Data for processing:
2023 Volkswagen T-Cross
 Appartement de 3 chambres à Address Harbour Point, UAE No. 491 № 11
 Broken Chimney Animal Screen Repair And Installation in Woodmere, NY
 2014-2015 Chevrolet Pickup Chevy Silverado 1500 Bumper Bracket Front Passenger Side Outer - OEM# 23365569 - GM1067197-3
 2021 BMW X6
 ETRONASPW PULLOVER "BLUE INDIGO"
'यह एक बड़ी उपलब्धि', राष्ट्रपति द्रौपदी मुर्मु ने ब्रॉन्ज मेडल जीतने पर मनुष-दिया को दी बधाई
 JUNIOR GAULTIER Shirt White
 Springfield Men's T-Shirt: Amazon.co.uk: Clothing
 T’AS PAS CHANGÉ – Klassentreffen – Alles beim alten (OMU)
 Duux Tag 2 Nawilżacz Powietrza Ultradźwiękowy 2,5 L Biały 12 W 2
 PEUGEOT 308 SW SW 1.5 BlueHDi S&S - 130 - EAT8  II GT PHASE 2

Task details:
In the answer, please give only the lines from the line containing "Springfield Men's T-Shirt: Amazon.co.uk: Clothing" through the final line of the data, copied exactly.

Solved problem:
 Springfield Men's T-Shirt: Amazon.co.uk: Clothing
 T’AS PAS CHANGÉ – Klassentreffen – Alles beim alten (OMU)
 Duux Tag 2 Nawilżacz Powietrza Ultradźwiękowy 2,5 L Biały 12 W 2
 PEUGEOT 308 SW SW 1.5 BlueHDi S&S - 130 - EAT8  II GT PHASE 2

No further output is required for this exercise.